Understand the Work+ Philosophy
Learn how redesigning student employment drives equity and career success.
Why It Matters
Student employment is more than a paycheck—it’s one of the most powerful, scalable, and equitable learning experiences your campus can offer. The Work+ philosophy challenges institutions to see every student job as a potential classroom, every supervisor as a mentor, and every work experience as a high-impact practice that can shape lifelong career outcomes.
For decades, higher education has treated student employment as operational support rather than educational opportunity. Yet research shows that how students work matters as much as whether they work. On-campus roles—when designed intentionally—help students connect coursework to real-world contexts, develop transferable skills, and build the confidence and networks that propel them into meaningful careers.
Work+ repositions student employment as a strategic driver of equity and career readiness, not a side program. It invites institutions to redesign systems and structures around the lived experiences of “working learners,” many of whom are low-income, first-generation, or students of color who rely on their jobs to stay enrolled.

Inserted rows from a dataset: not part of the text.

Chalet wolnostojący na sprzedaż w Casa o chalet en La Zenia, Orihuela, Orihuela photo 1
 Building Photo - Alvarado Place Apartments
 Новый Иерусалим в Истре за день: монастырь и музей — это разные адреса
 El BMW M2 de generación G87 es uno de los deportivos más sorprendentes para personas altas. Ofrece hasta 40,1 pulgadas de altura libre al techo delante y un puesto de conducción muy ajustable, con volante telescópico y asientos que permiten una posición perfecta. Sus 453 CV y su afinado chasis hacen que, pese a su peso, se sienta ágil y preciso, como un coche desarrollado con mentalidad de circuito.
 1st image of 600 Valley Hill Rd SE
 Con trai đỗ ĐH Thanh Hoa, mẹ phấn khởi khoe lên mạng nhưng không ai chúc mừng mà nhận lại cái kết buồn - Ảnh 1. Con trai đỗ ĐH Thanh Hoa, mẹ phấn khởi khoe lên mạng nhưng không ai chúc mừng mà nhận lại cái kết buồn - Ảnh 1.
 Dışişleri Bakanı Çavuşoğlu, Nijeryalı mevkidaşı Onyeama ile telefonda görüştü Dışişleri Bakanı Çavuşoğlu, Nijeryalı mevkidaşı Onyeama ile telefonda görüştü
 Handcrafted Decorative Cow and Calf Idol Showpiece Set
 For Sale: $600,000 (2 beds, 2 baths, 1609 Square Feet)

Core Beliefs of the Work+ Philosophy
Work Is Learning.
Every student job is a learning experience with potential for skill-building, reflection, and mentorship.
Supervisors Are Educators.
Student supervisors are central to the learning process—they need tools, training, and recognition to mentor effectively.
Equity Is Foundational.
Working learners disproportionately come from historically marginalized groups. Redesigning student employment is an act of equity and inclusion.
Institutions Shape the System.
Barriers students face are rarely personal—they’re structural. Policy, funding, classification, and communication systems must evolve to support meaningful work.
Change Requires Co-Creation.
Solutions emerge from partnership—between students, supervisors, administrators, and peers across departments. Work+ is collaborative by design.
How to Begin
Step 1: Ground Your Team in the Why
Start by reviewing national data on working learners and career outcomes. The “Working Learner Dilemma” highlights how the traditional promise of higher education—study hard, graduate, get a good job—no longer holds evenly true. Facilitate a team discussion around these guiding questions:
- What does student employment currently mean on our campus?
- Who benefits most—and who benefits least—from the current system?
- How could employment better serve as a learning experience for all students?